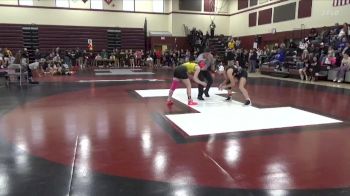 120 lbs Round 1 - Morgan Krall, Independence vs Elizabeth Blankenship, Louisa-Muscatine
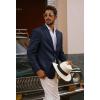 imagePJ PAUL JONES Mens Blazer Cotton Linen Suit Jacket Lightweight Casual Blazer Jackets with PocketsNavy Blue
________
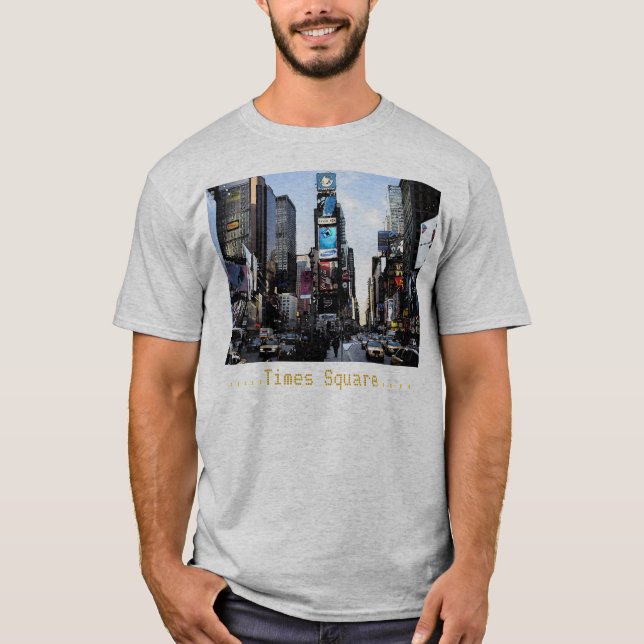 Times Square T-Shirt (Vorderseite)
________
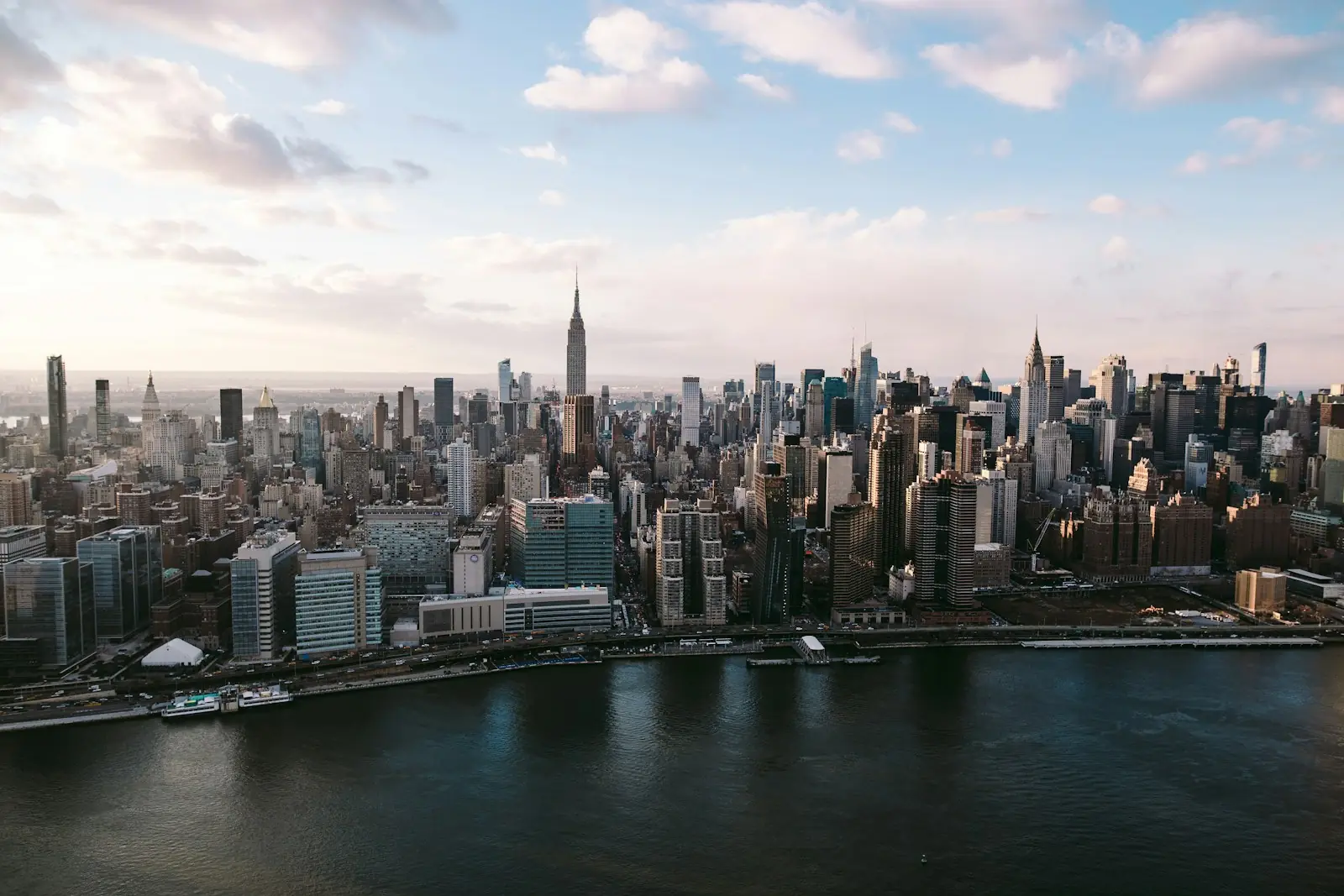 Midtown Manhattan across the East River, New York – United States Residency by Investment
________
# WHAT IS NEEDED
Give back, exactly and without pictures, the stretch of the records above from the line containing "120 lbs Round" through the line containing "imagePJ PAUL JONES", with both end lines included.

# EXPECTED ANSWER
 120 lbs Round 1 - Morgan Krall, Independence vs Elizabeth Blankenship, Louisa-Muscatine
 imagePJ PAUL JONES Mens Blazer Cotton Linen Suit Jacket Lightweight Casual Blazer Jackets with PocketsNavy Blue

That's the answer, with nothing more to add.